> [TASK INSTRUCTIONS] Only the lines from the one containing "Certified 2025 Mercedes-Benz" to the end of the data below belong in the answer, each repeated exactly; no pictures.

> [SUPPLIED MATERIAL]
*** Begin section ***

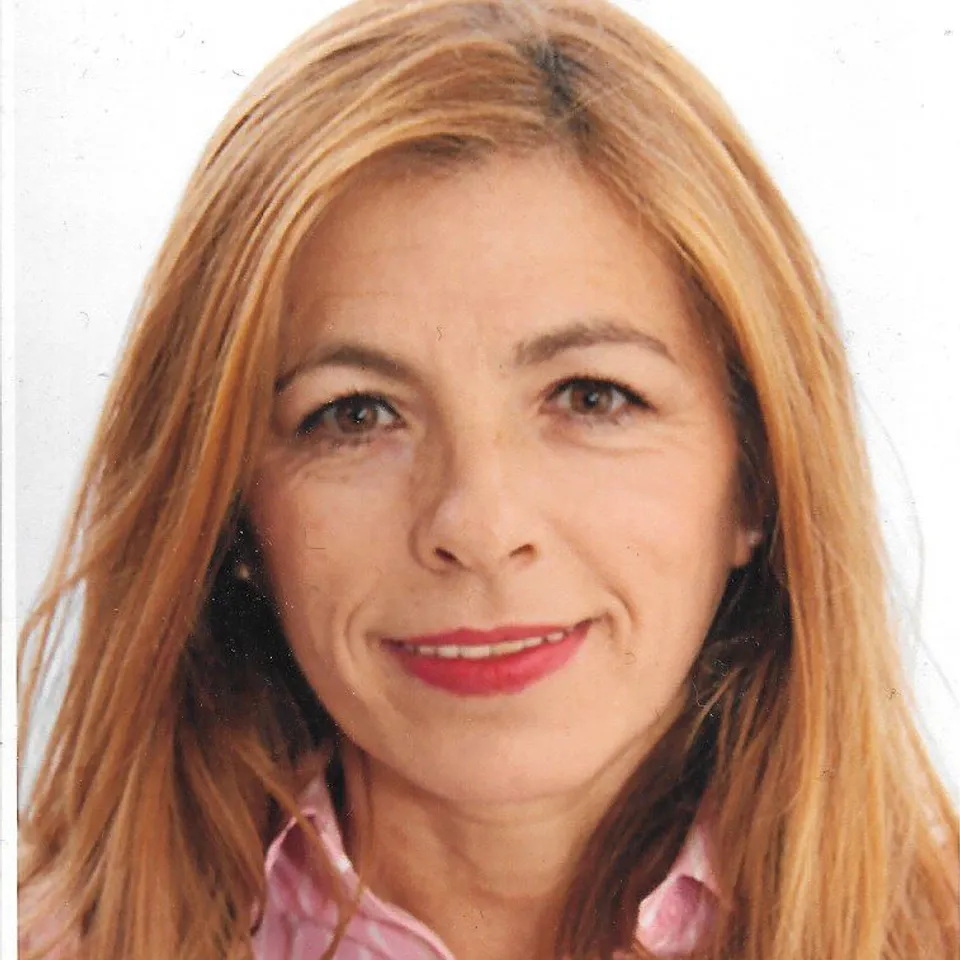 María Elena G.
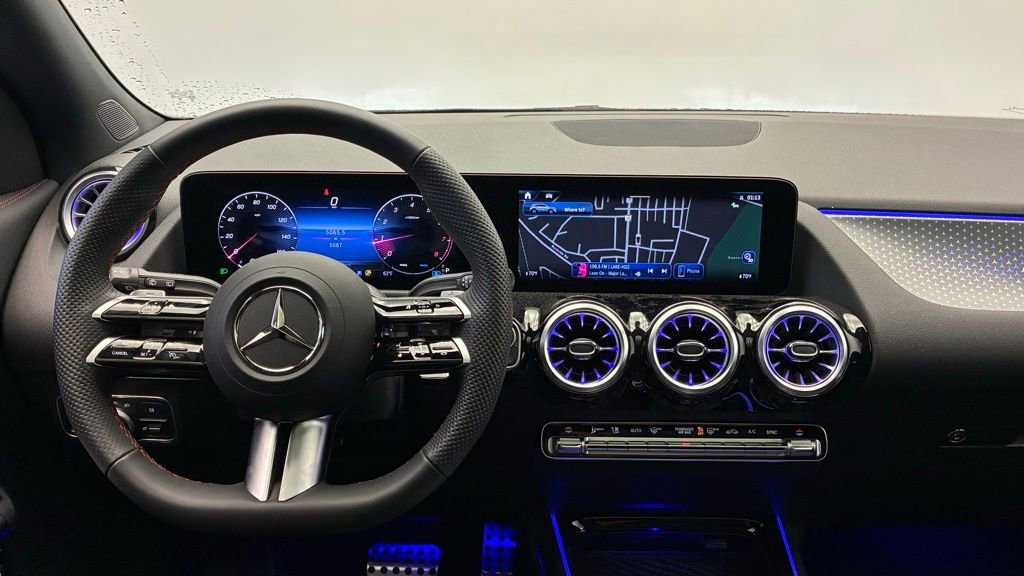 Certified 2025 Mercedes-Benz GLA 250 4MATIC image 17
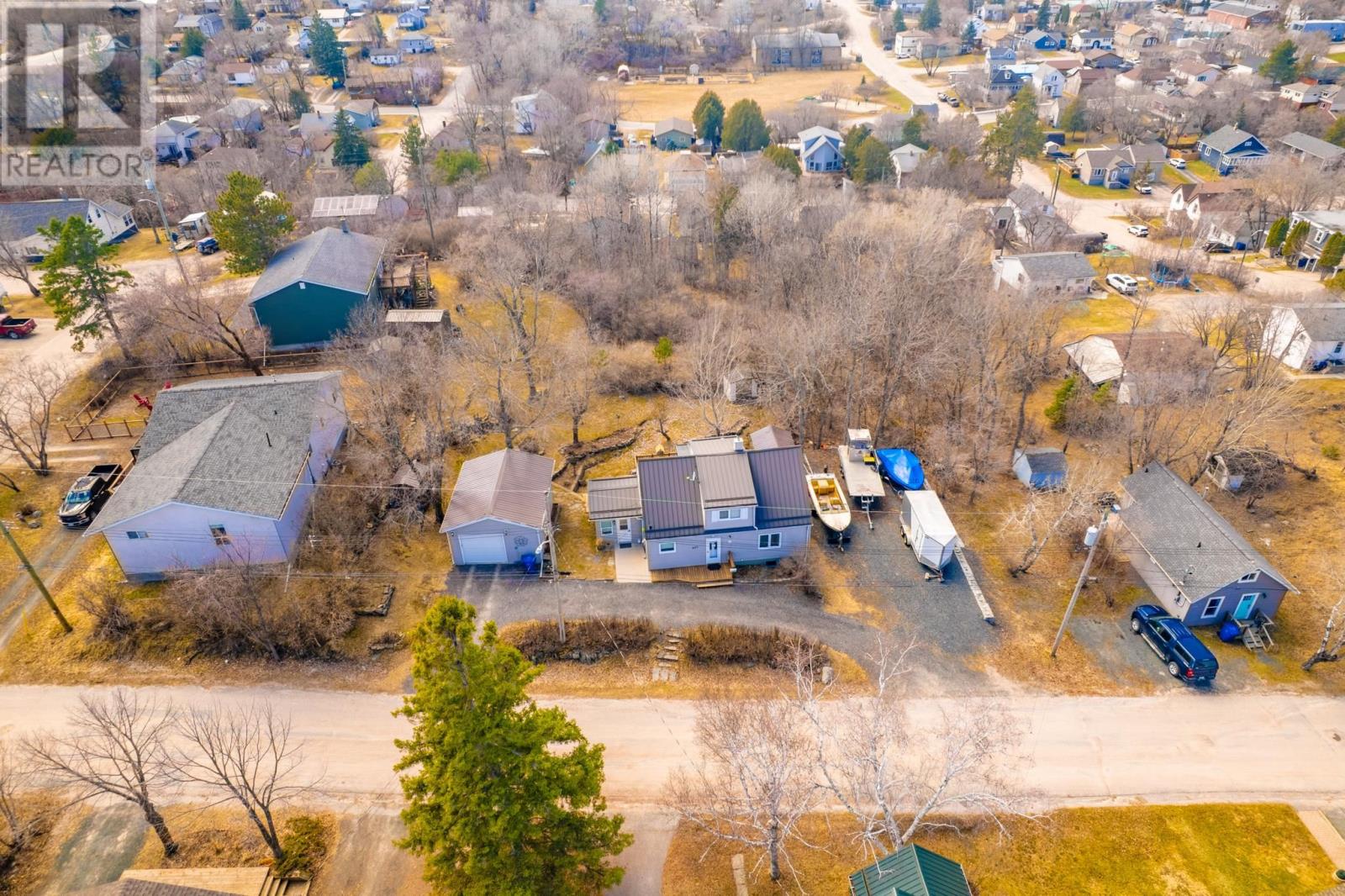 420 Twelfth Street, Keewatin, Ontario  P0X 1C0 - Photo 1 - TB2600925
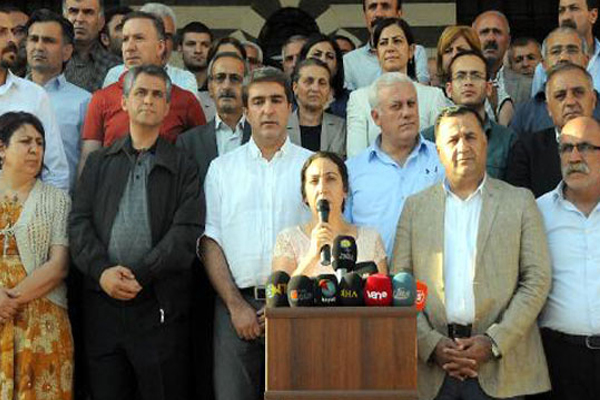 Diyarbakır'da STK'lardan sağduyu çağrısı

*** End section ***

> [ANSWER SPACE]
 Certified 2025 Mercedes-Benz GLA 250 4MATIC image 17
 420 Twelfth Street, Keewatin, Ontario  P0X 1C0 - Photo 1 - TB2600925
 Diyarbakır'da STK'lardan sağduyu çağrısı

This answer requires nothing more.